In general, Cultural Anthropology is defined as one of the four fields of anthropology that engages in a holistic study of humanity with culture, the symbolic representation of human worldviews that shape their relationships with the world, as its main object of attention. (Macalester College, 2004:59-60; Wikipedia, 2004a)

Humanities is a term applied to those “branches of knowledge” that study the human condition from a qualitative approach. Within the western university tradition, it traces its roots back to the greco-roman tradition (Encyclopedia Britannica, 2004b) and is often represented through a “great books” style of teaching, (St. John’s College, 2004) and encompasses such disciplines as classics, philosophy and languages and literature. In more recent branches of the humanities, such as critical literary theory and cultural studies, humanities is defined as the analysis and interpretation of human-produced texts, where these texts are some representation of reality. (Wikipedia, 2004a)

Social Science is defined as “any discipline or branch of science” that studies “human behaviour in its social and cultural aspects”, (Encyclopedia Britannica, 2004) and is grounded on the two projects of a quantitative modeling of society and a positivist outlook to the work of academia where knowledge increases through investigation. Thomas Hobbes and August Comte set the theoretical framework that enable each of these premises, empiricism being the former and positivism on the later. (Wikipedia, 2004c) On the onset of industrial revolution in Western Europe, sociologists Karl Marx, Emile Durkheim and Max Weber study the transformations occurring in society that come along with various political and economic revolutions in France, Germany and England, which is later expanded into a comprehensive study of humans interaction and structure in society.
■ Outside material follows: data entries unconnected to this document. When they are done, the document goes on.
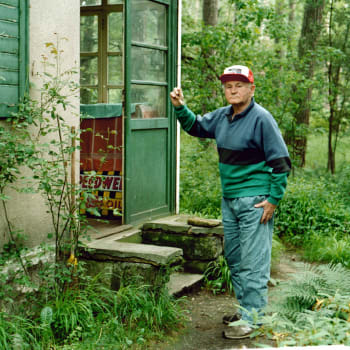 Bohumil Hrabal u své chaty v Kersku (snímek z roku 1994)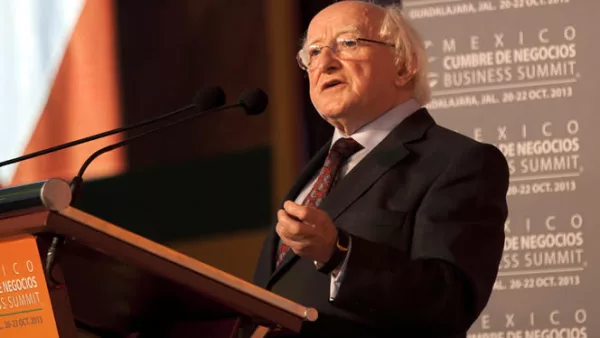 El presidente de Irlanda, Michael Higgins, arribó a la ciudad tapatía para asistir al cierre del encuentro empresarial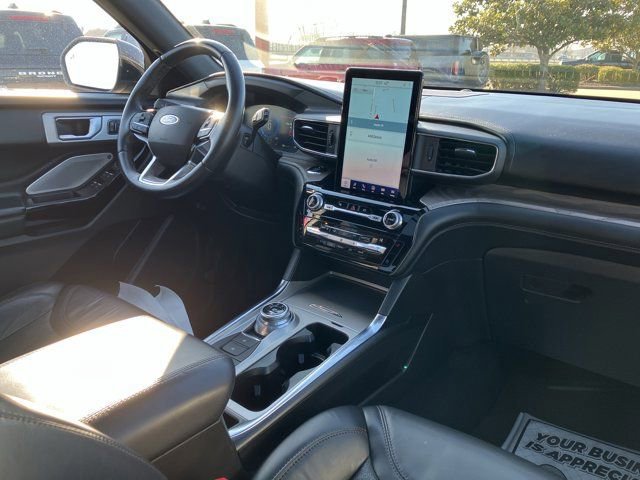 Certified 2021 Ford Explorer Platinum w/ Equipment Group 601A image 14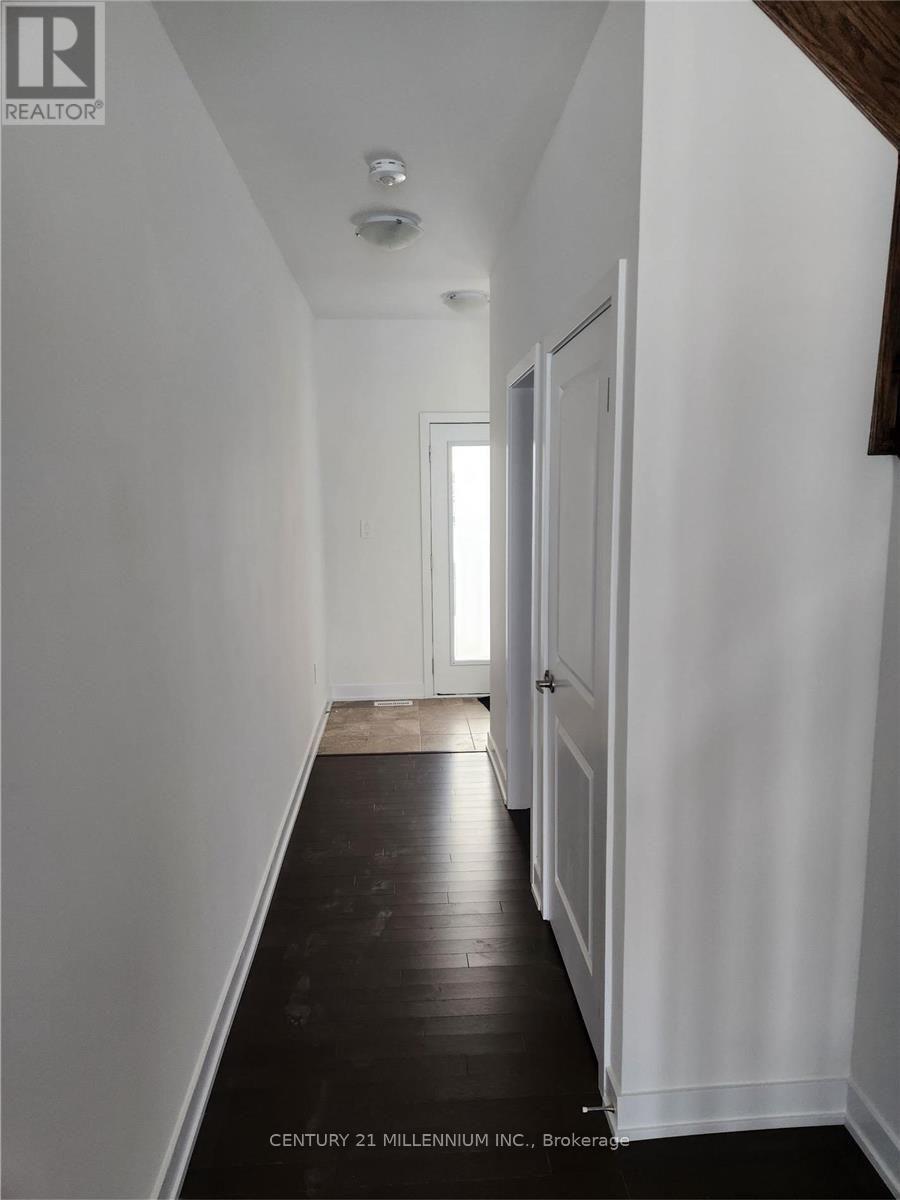 26 Westwood Avenue, Barrie, Ontario  L9J 0M6 - Photo 12 - S13670936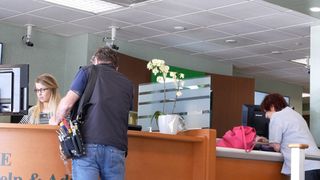 Inteligența artificială rescrie viitorul băncilor: Concedieri și restructurări de amploare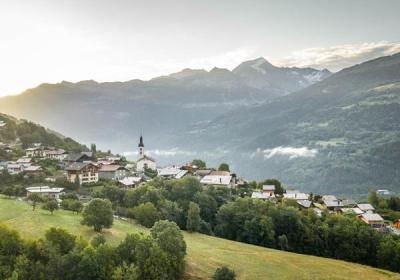 Balade musicale dans le village de la Côte d'Aime : visite insolite_La Plagne Tarentaise - Vue du village de la Côte d'Aime (Pierrolaz)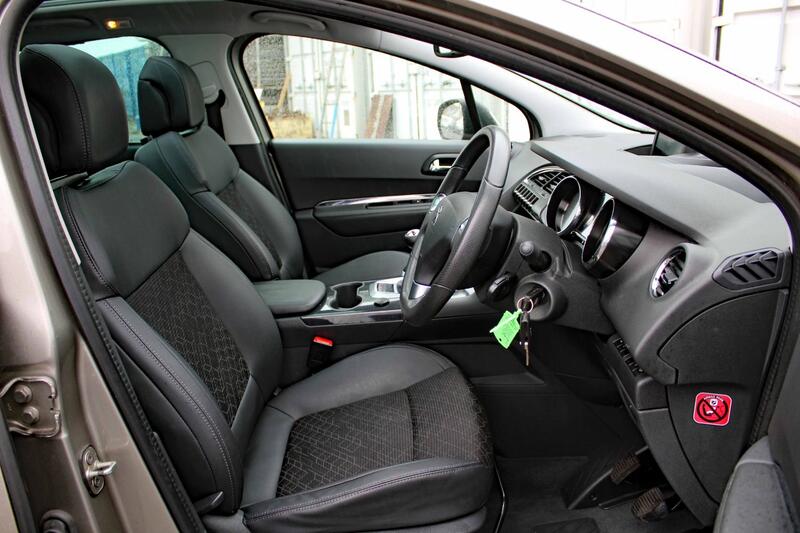 PEUGEOT 3008 1.6 BlueHDi Allure 2016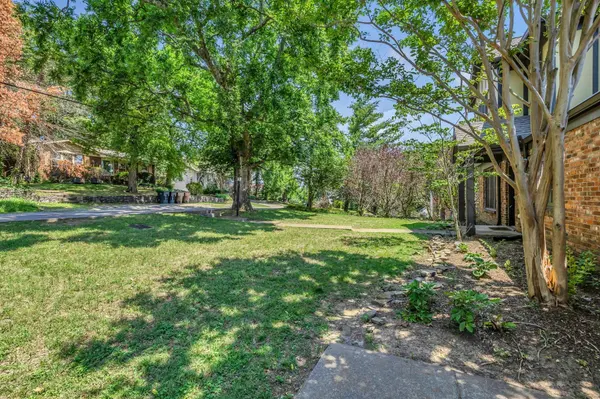 520 32nd Ave #S, Nashville, TN 37212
Currently social sciences are understood to encompass sociology, political science, geography, psychology, economics, communications studies and anthropology.

In academia, the humanities and social sciences, along with the natural sciences are generally considered to be the “three major components of the liberal arts and sciences” (Wikipedia, 2004c) and it is often adopted as administrative divisions at academic institutions; at Macalester College, the place where this debate occurs, this structure is also in place. Therefore this discussion is at the same time about a perspective on cultural anthropology from within, as well as external administrative considerations in academia as an industry. I use the term “humanities” when referring to the humanities as an academic tradition that follows a certain pattern of core epistemic and historic traits, and “humanities division” when referring to the administrative apparatus.

Before starting the discussion, it is useful to recognize that the administrative divisions, as well as the scholarly gap, between “humanities” and “social sciences” are necessarily artificial, and that any argument that exclusively defends one side will have its argumentative flaws. It is also of note that the field of cultural anthropology, along with history and geography, are ambiguously positioned between these already existing “humanities” and “social sciences”, with history leaning towards the former and the rest leaning towards the later.

Ethnographic fieldwork belongs to the humanities by nature

My chief contention is that ethnographic fieldwork belongs to the humanities. The reasoning behind this is that any ethnography is, to a certain extent, a representation of peoples’ narratives about themselves.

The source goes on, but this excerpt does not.